ACTIVITY — In the material below, write out each line word for word and omit the pictures.

PROVIDED MATERIAL —
======

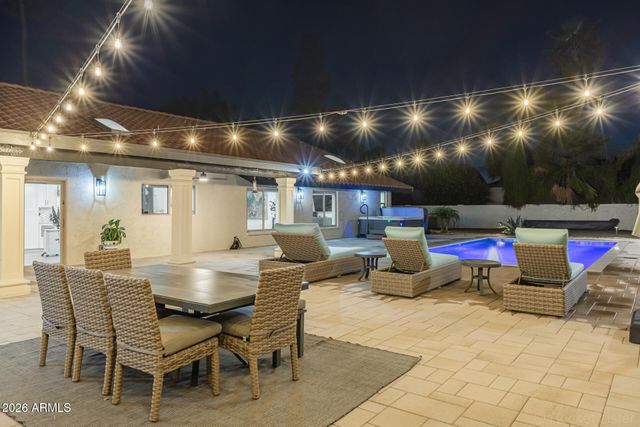 4132 W PARADISE Lane, Phoenix, AZ 85053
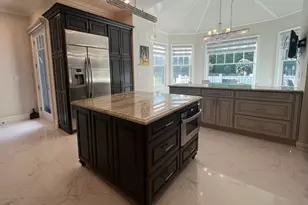 302 Hewlett Neck Rd, Woodmere, NY 11598 - Photo 11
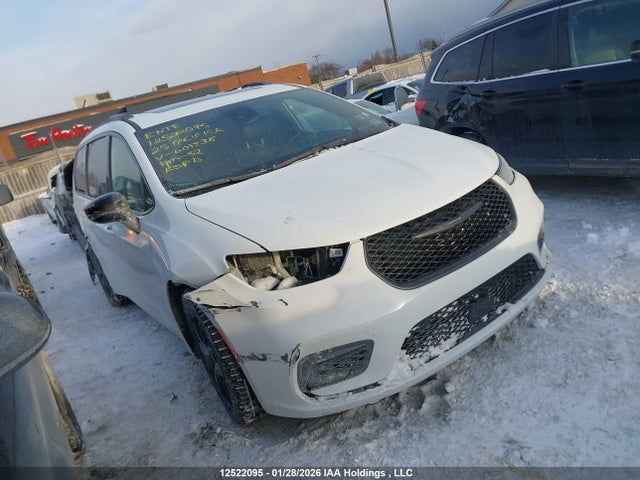 Chrysler Pacifica Limited 2025 2C4RC1GG2SR601538 Image 14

======

ANSWER TO THIS EXERCISE —
 4132 W PARADISE Lane, Phoenix, AZ 85053
 302 Hewlett Neck Rd, Woodmere, NY 11598 - Photo 11
 Chrysler Pacifica Limited 2025 2C4RC1GG2SR601538 Image 14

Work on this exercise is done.